On 1/22/06, Richard Hally <rhally@xxxxxxxxxxxxxx> wrote:
Rahul Sundaram wrote:
> Richard Hally wrote:
>
>> Hi all,
>>
>> Jeff Spaleta wrote:
>>
>>> On 1/22/06, goemon@xxxxxxxxx < goemon@xxxxxxxxx> wrote:
>>>
>>>> so far it seems like almost everyone wants it back and you're the
>>>> only one
>>>> arguing for its removal. perhaps this should tell you something
>>>
>>>
>>> Yeah everyone else in this discussion is insane.
>>>
>>> I'm arguing for removal. In fact I'm arguing for removal of all
>>> package choice in the interactive Core installer so that an
>>> installation of core only gives you a default set of packages and
>>> everything else happens post install or via kickstart.
>>
>> Or "everything else" is extras or somewhere else.
>> Consider the proposition that "If it's good enough to be included in
>> Core it good enough to be installed on my system"
>
> Thats too generic. Is all of the software thats available in core needed
> to be installed simultaneously and is using all of them together a
> common scenario?
>
You(Rahul) still don't get it! It's not about "using them all together"
at all. Yes, it is about installing "everything" in Core at one
time(install time!) *easily*. It's a usability / easy-of-use issue. It's
about giving users the choice. If they want to - let then. Who are you
to know better than users what they want to do. You can't seem to
imagine any use cases. Your idea that developers know better than users
what users want to do is flat wrong and smacks of paternalism.
>>
>> Are you forgetting the "non-internet access" use case? Or what about
>> the person that only has a very slow connection(e.g. dial-up) and
>> installs his system from the CDs he borrowed from his buddy and
>> returns them after the install?
>
> You realize that work is being done to create ISO images of Fedora
> Extras packages too. right. Even you could that do that today.
>
>> Does kickstart install from CDs?
>>
>> BTW, there is a bugzilla for kickstart not working with an everything
>> selection.
>
> Report number?
Search on "anaconda everything".
>
>> And what makes Rahul think he knows the difference better than others?
>> (wink,wink)
>>
> Oh please guys. Listen before responding. I presented very detailed
> reasons why I think it is not a good thing.

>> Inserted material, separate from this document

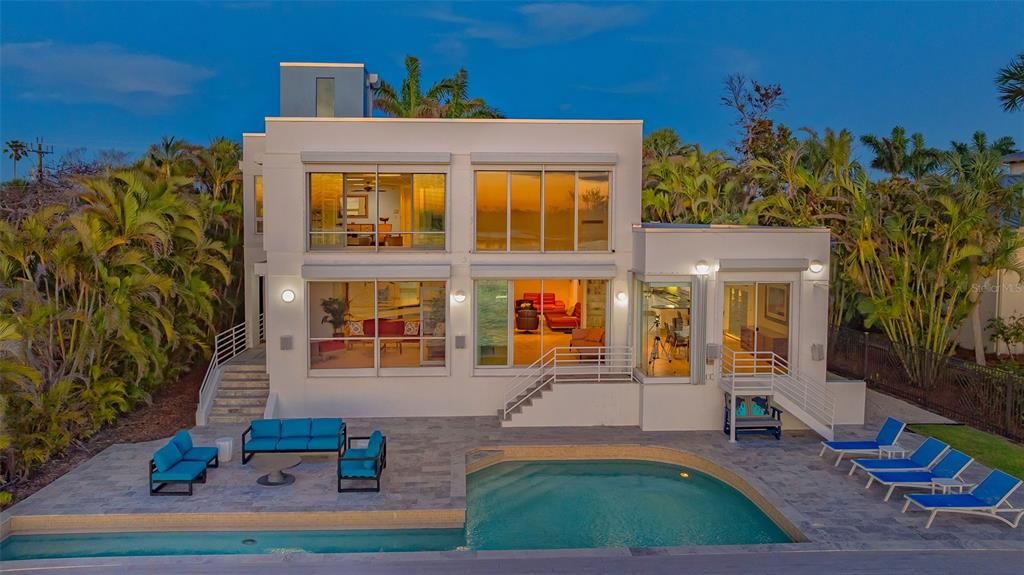 Active With Contract: $3,995,000 (4 beds, 4 baths, 3951 Square Feet)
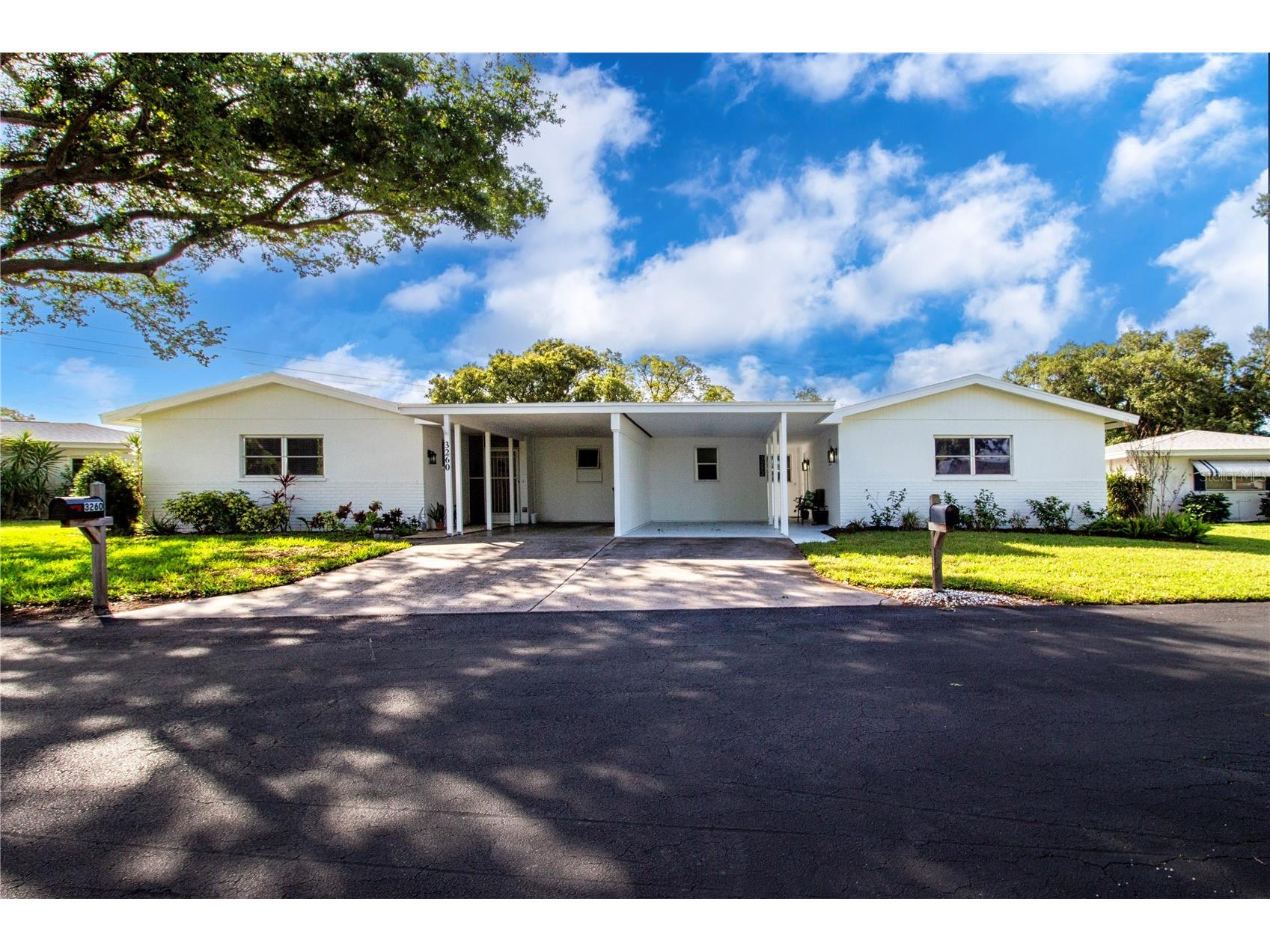 3252 Westford Lane #122 Sarasota FL 34231 A4688937 image1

And all those reasons are bogus and do not apply to the usability/ease
of use of the package selection part of the installer.
Now will any of you present
> a few different use cases that make it obsoletely require within the
> single click in the installer GUI itself instead of merely lobbying for
> a change without specifying the reasons why you use this option at all.
Several people have already given you "use cases" but this is not about
your opinion that an "everything" install is not useful. It's about
those users that want to do it (in spite of your opinion) being able to
do it easily. Trying to make it difficult is just arrogance!
HTH
Richard Hally
yum --exclude='jeff|Rahul' update users reading
I think many of you are missing the key point that is being made of "why" everything "click" is not good "NOW", not in the past, not in fc4/3/2/1 but now and beyond.
At some point, probably fc6 an "EVERYTHING" install could end up pulling in Extras and possibly some other 3rd party repos (which will be intresting for the users that don't know about mix'n'match of certian ones). Which means it will get freaking UGLY if you do EVERYTHING.
Instead of trying to maybe lessen the number of install cd/dvd's Fedora will end up looking like Debian Sarge, if you don't know what that means, Debian Sarge has 14 Cd's or 2 DVD's now,
FOURTEEN!!!!! Do you really want to sit on your pipe while 14 iso's are pulled down just so you can click EVERYTHING? Because in the future that is what your asking for now.
Me, I want one iso. Core + Gnome I'll use yum for the rest because guess what, thats what it does it d/l handles dep's with out the need to d/l iso after iso to grab a few rpm's here and there. with pup/piruit the user can be new and not even have to know yum exist and open up a cli if that grabs them.
If you just have to have that much software installed and affraid you might loose interent connection, start rsync'n the mirror to your local drive. Apparently space isn't a concern because one of these days the everything (click on every peice of software known to be on a fedora) install which I dunno, guessing is up to 6-7gb by now will start hitting 10gb in the future.
Anyway, the rants over but a lot of you are missing the key points that Jeff and Rahul are bring up (maybe some others, thread is up to 113 emails now, I'm not searching). Someday, everything is going to be so huge and ugly to do it would be nuts.
Don't just look at today, look down the road at what is going on and what is trying to be done.